* The task:
Everything from the line containing "Hi and welcome" through the line containing "Welcome. We are" should be repeated exactly, and nothing else from the data.

* Data under study:
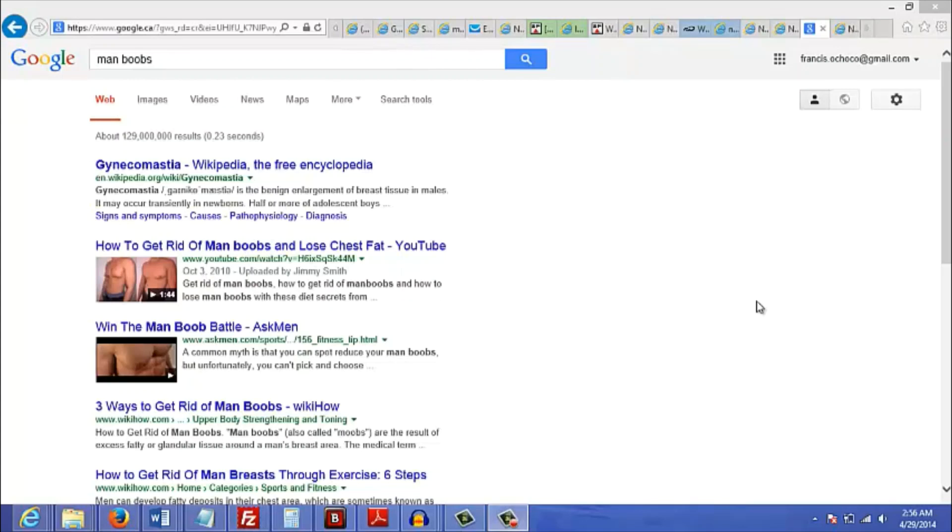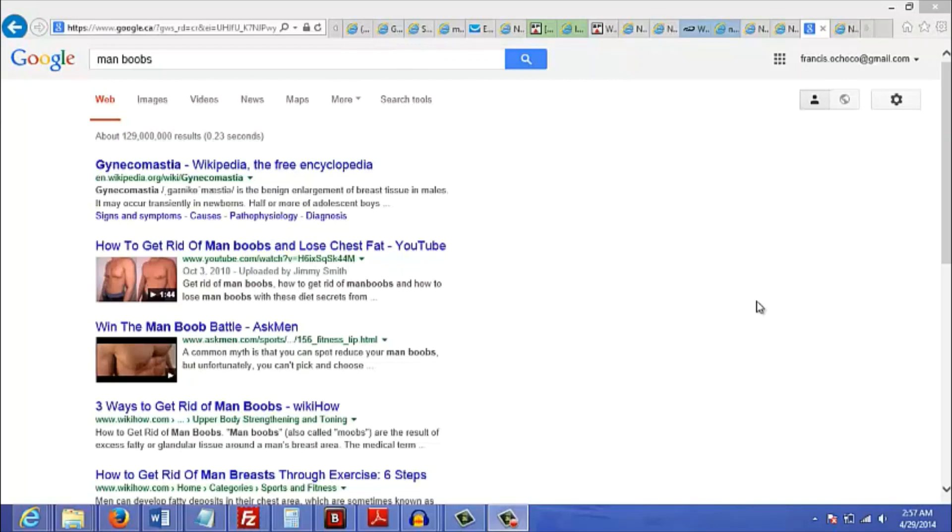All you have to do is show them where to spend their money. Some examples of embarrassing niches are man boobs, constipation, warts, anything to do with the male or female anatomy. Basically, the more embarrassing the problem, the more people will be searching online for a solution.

---

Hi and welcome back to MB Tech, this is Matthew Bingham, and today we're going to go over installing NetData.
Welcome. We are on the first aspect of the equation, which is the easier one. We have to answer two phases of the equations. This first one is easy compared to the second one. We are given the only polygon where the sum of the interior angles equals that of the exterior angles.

* Answer to the exercise:
Hi and welcome back to MB Tech, this is Matthew Bingham, and today we're going to go over installing NetData.
Welcome. We are on the first aspect of the equation, which is the easier one. We have to answer two phases of the equations. This first one is easy compared to the second one. We are given the only polygon where the sum of the interior angles equals that of the exterior angles.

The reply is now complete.